How to implement a collection that supports real-time filtering? - data-structures

I want to implement a mutable sequential collection FilteredList that wraps another collection List and filters it based on a predicate.
Both the wrapped List and the exposed FilteredList are mutable and observable, and should be synchronized (so for example, if someone adds an element to List that element should appear in the correct position in FilteredList, and vice versa).
Elements that don't satisfy the predicate can still be added to FilteredList, but they will not be visible (they will still appear in the inner list).
The collections should support:
Insert(index,value) which inserts an element value at position index, pushing elements forward.
Remove(index) which removes the element at position index, moving all proceeding elements back.
Update(index, value), which updates the element at position index to be value.
I'm having trouble coming up with a good synchronization mechanism.
I don't have any strict complexity bounds, but real world efficiency is important.

The best way to avoid synchronization difficulties is to create a data structure that doesn't need them: use a single data structure to present the filtered and unfiltered data.
You should be able to do that with a modified skip list (actually, an indexable skip list), which will give you O(log n) access by index.
What you do is maintain two separate sets of forward pointers for each node, rather than just one set.

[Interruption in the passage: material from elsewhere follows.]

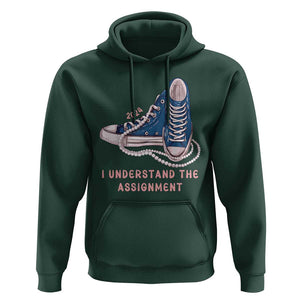 Kamala Harris 2024 Hoodie I Understand The Assignment Vote Blue Chuck And Pearls TS02 Dark Forest Green Print Your Wear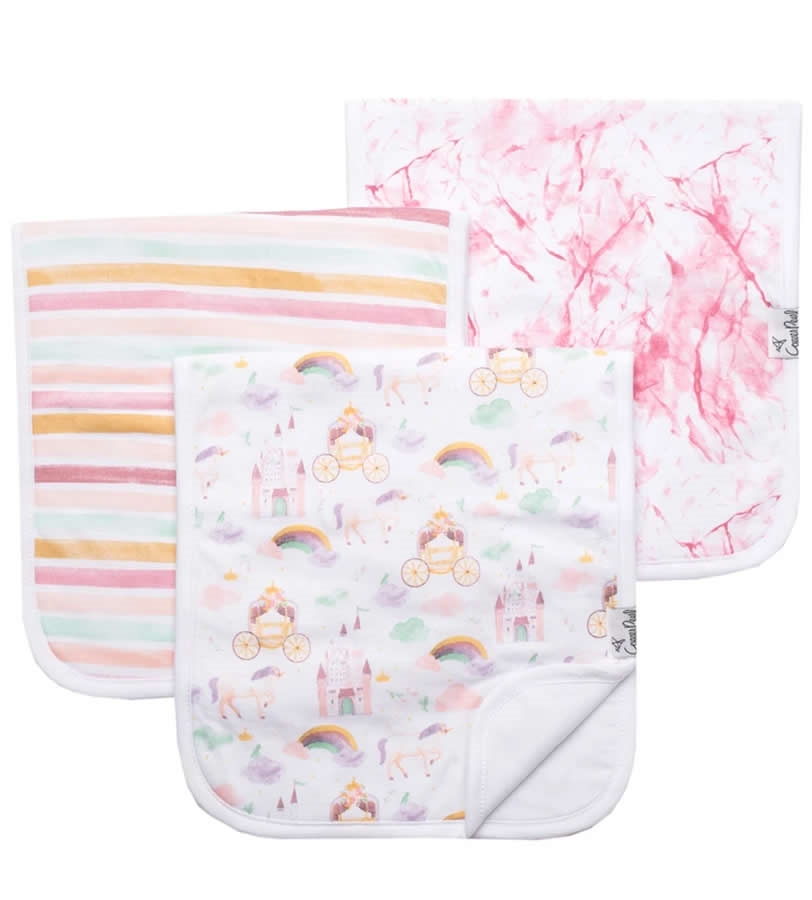 Copper Pearl Premium Burp Cloths, 3 Pack Enchanted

The one set is for the unfiltered list, as in the normal skip list, and the other set is for the filtered list.
Adding to or removing from the list is the same for the filtered and unfiltered lists. That is, you find the node at index by following the appropriate filtered or unfiltered links, and then add or remove the node, updating both sets of link pointers.
This should be more efficient than a standard sequential list, because insertion and removal don't incur the cost of moving items up or down to make a hole or fill a gap; it's all done with references.

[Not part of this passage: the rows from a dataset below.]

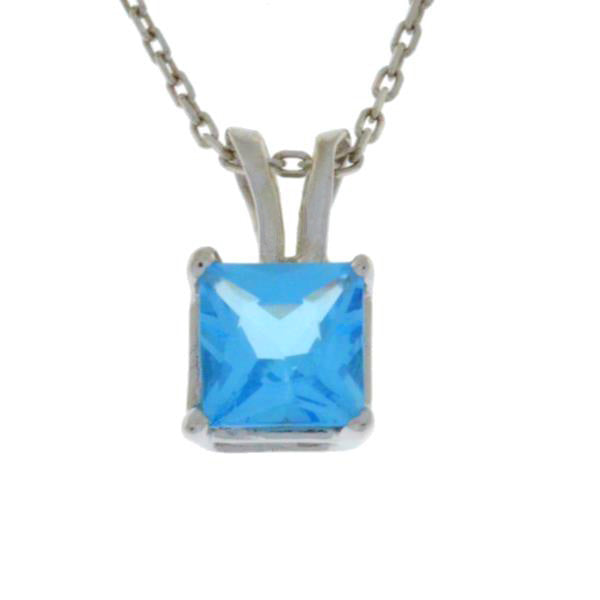 1 Ct Blue Topaz Princess Cut Pendant .925 Sterling Silver Rhodium Finish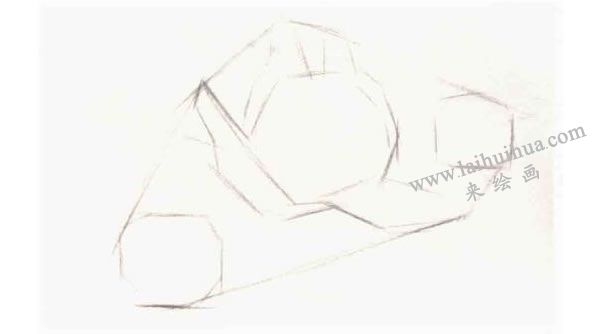 结构素描表现步骤：起稿阶段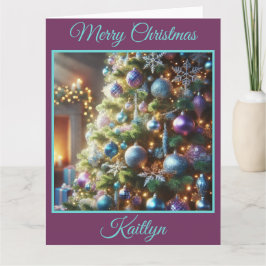 Cartão Árvore de Natal Roxo e Azul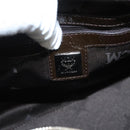 MCM Shoulder Bag Enamel Brown Silver Auth bs25319-20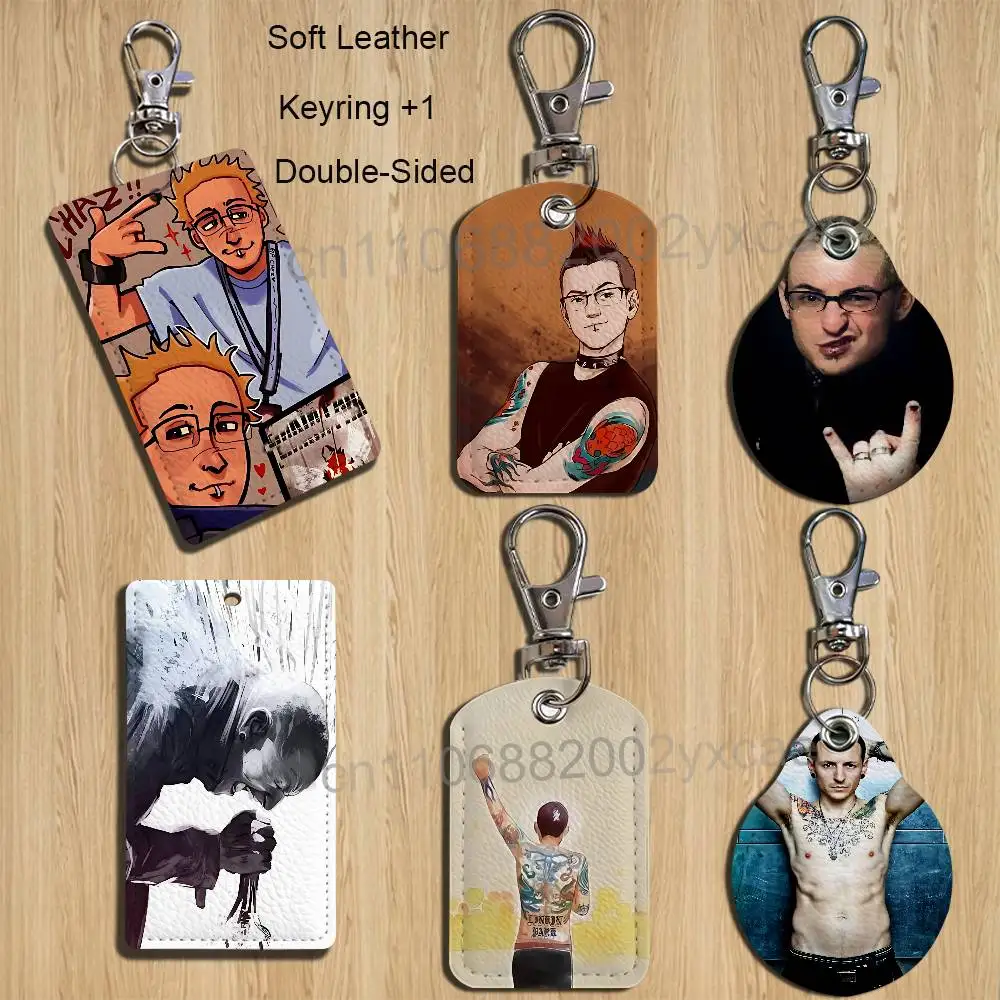 

Fan art design Chester Bennington Leather Keychain Badge Holder with Lanyard - ID/Access Card HolderKey Ring Accessory Gift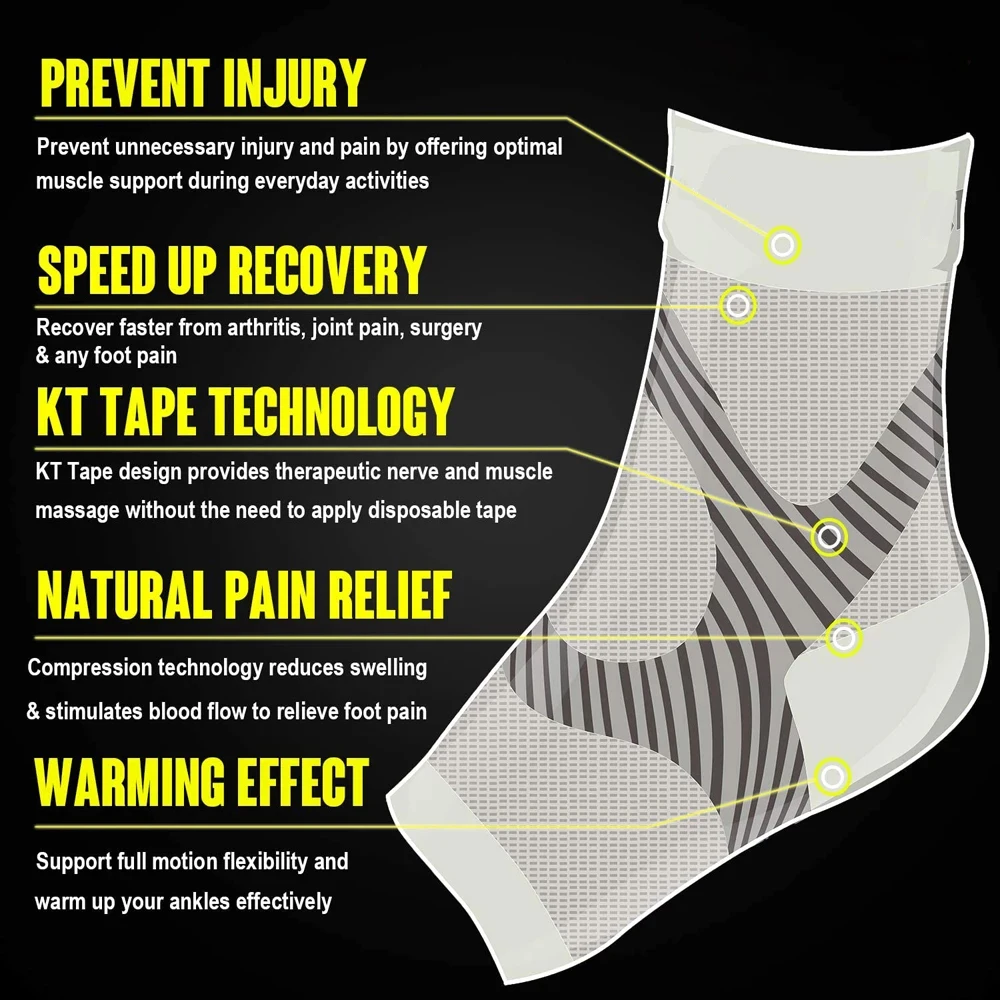 1組の足底筋膜炎用圧迫足首ブレースソックススリーブ、かかとの - Ankle Brace Sock のレビューと価格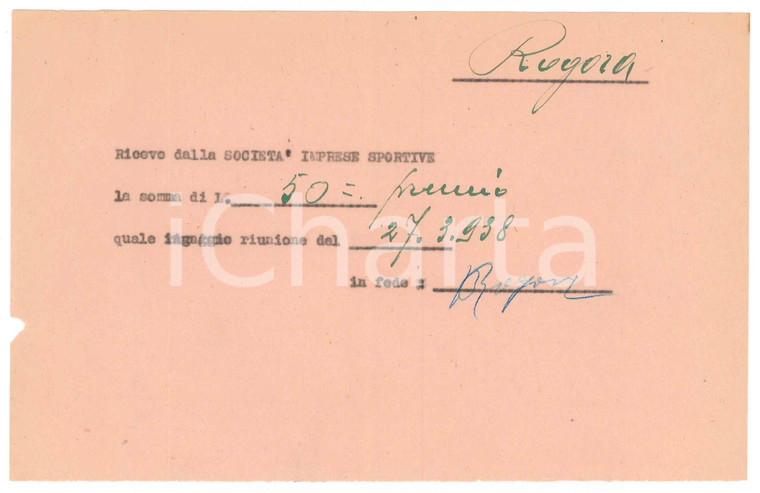1938 CICLISMO MILANO Ricevuta Bernardo ROGORA per ingaggio riunione *AUTOGRAFO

It takes a little more space per node, though. On average, skip list requires two extra references per node. Since you're building what is in effect two skip lists in one, expect your nodes to require, on average, four extra references per node.
Edit after comment
If, as you say, you don't control List, then you still maintain this dual skip list that I described. But the data stored in the skip list is just the index into List. You said that List is observable, so you get notification of all insert and delete operations, so you should be able to maintain an index by reacting to all notifications.

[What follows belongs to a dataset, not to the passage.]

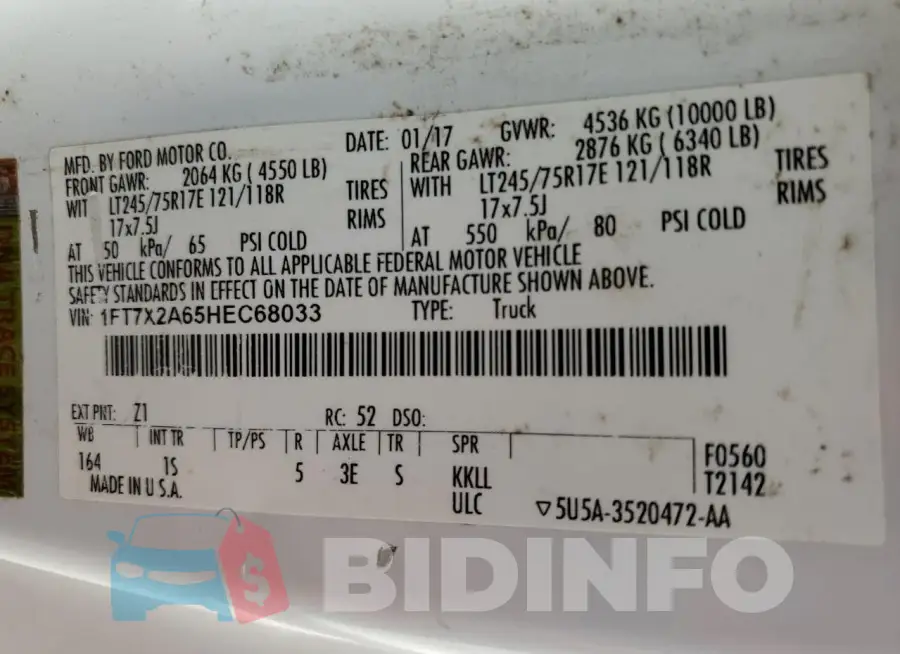 1FT7X2A65HEC68033 Photo# 12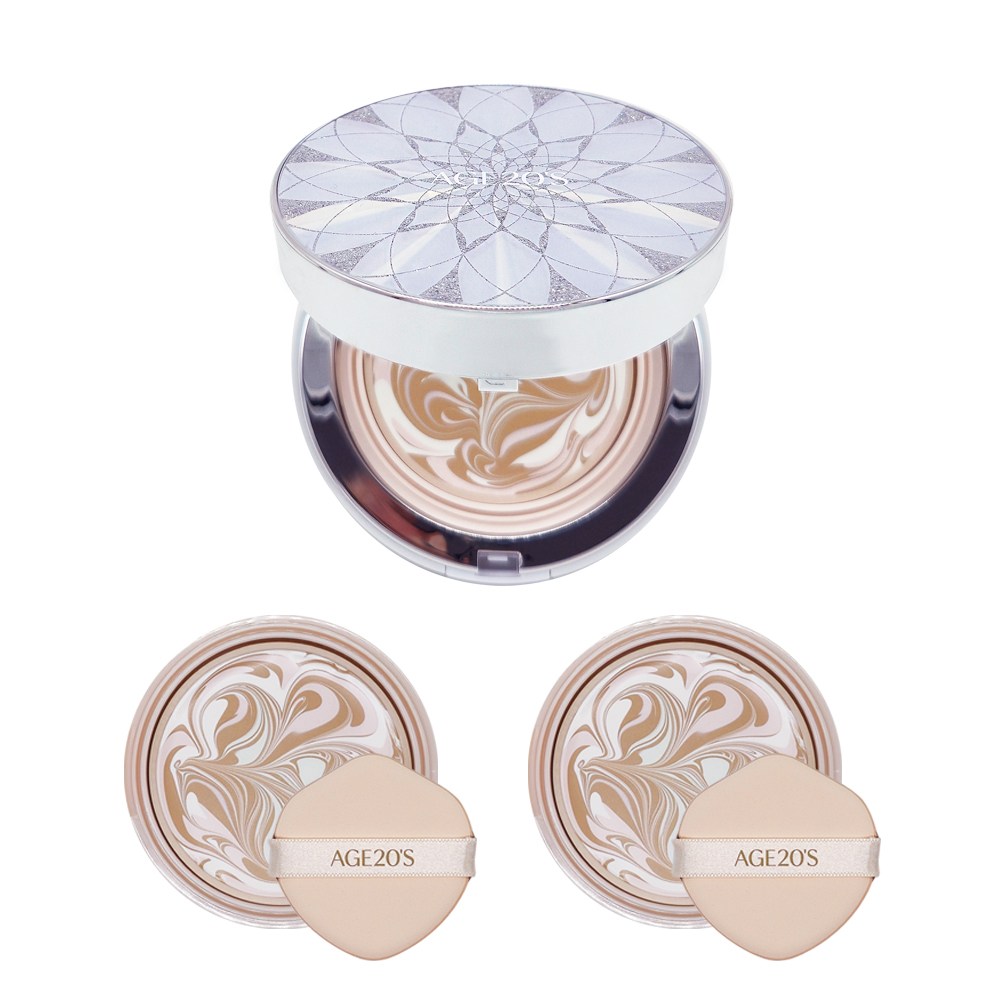 에이지투웨니스 에센스 팩트 더 블루밍 다이아 에디션 21호 라이트 베이지 1개 (SPF50+ / PA++++) + 리필 2개 48,000원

When somebody wants to operate on FilteredList, you use the filtered index links to find the List index of the FilteredList record the user wanted to affect. Then you pass the request onto List, using the translated index. And then you react to the observable notification from List.
Basically, you're just maintaining a secondary index into List, so that you can translate FilteredList indexes into List indexes.

Related

Best statically allocated data structure for writing and extending contiguous blocks of data?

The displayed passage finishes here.